A política de conteúdo nacional para a cadeia de petróleo e gás só fará sentido se tiver como objetivo incrementar a competitividade internacional da indústria brasileira, inserindo as empresas do país nas cadeias globais de valor, uma das principais tendências do comércio internacional no Século 21. “Todos queremos conteúdo local, mas fechar o mercado brasileiro e criar uma cadeia local de valor não vai resultar em nada”, disse Antonio Carlos Migliari Guimarães, secretário executivo do Instituto Brasileiro de Petróleo, Gás e Biocombustíveis (IBP), neste debate realizado na Fundação Fernando Henrique Cardoso.

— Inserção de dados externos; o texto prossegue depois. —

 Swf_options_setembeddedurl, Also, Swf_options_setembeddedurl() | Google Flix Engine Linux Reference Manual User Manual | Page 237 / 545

Para Cesar Prata, da Associação Brasileira da Indústria de Máquinas e Equipamentos, os atrasos na exploração petrolífera do país nos últimos anos só em parte podem ser atribuídos à ampliação da política de conteúdo local durante os governos petistas. Os atrasos teriam também outros motivos como uma política cambial inadequada que valoriza o real em relação a outras moedas, editais mal especificados, concentração das empreiteiras/estímulo à formação de carteis e o chamado custo Brasil.

O representante da ABIMAQ citou a Refinaria Abreu Lima, em Pernambuco, uma parceria entre a Petrobras e a PDVSA (Venezuela), anunciada pelos então presidentes Luiz Inácio Lula da Silva e Hugo Chávez em 2005 e até hoje incompleta. “Estimada em US$ 2,4 bilhões, já custou quase US$ 20 bilhões e não tem nenhuma exigência de conteúdo local”, disse.

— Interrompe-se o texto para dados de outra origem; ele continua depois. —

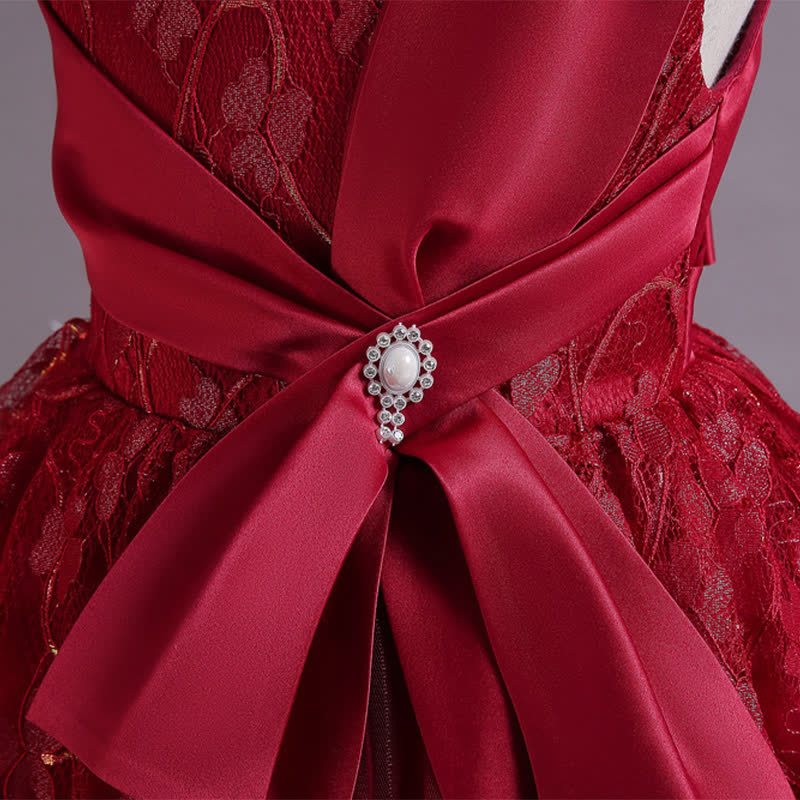 Satin Lace Bow Sleeveless Mid-long Dresses - image 22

Além da ampliação da política de conteúdo local, a substituição do regime de concessão (criado no governo FHC após a quebra do monopólio do petróleo) pelo regime de partilha em 2010 (1º ano do governo Dilma Rousseff), a obrigatoriedade da Petrobras participar de todos os projetos de exploração com pelo menos 30% dos investimentos (lei revogada em novembro de 2016 por iniciativa do senador José Serra) e o enfraquecimento da Agência Nacional do Petróleo (ANP) foram medidas adotadas nos governos petistas que receberam críticas dos participantes.

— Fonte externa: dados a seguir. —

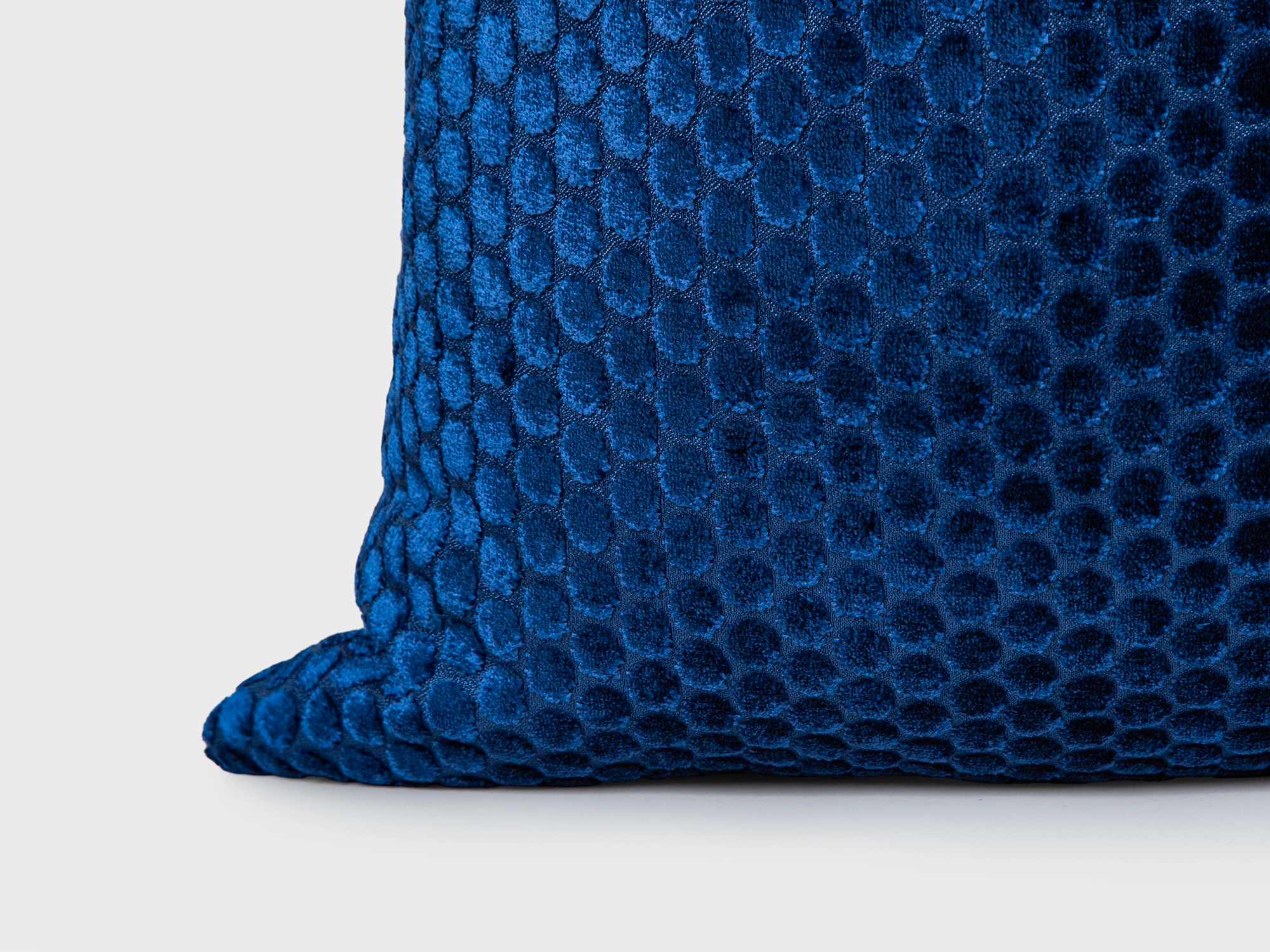 Navy Blue Dotted Velvet Pillow Cover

Redução das exigências só vale para o futuro

Eduardo Augusto Guimarães, professor titular do Instituto de Economia da UFRJ, disse que a redução do percentual de conteúdo local, anunciada pelo governo em fevereiro deste ano como uma das medidas para dar maior dinamismo ao setor, só valerão para a nova rodada de licitações da Agência Nacional do Petróleo em 2017.

“A redução de metas significa o reconhecimento (por parte das autoridades responsáveis) de que as metas anteriores eram irrealistas. Se não são viáveis para os novos projetos, por que seriam para os já licitados? Não defendo uma anistia total, mas é preciso examinar a possibilidade de adoção dessas novas metas também para os contratos já em execução”, afirmou.

Eloi Fernández y Fernández, pesquisador do Departamento de Engenharia da PUC-Rio, concordou: “O problema são os contratos já existentes (vigentes por até 30 anos), que continuarão a funcionar pelas regras anteriores. Já os investimentos que resultarem dos próximos leilões só vão acontecer daqui uns dez anos, tempo suficiente para pensar em uma política industrial mais consistente e realista.”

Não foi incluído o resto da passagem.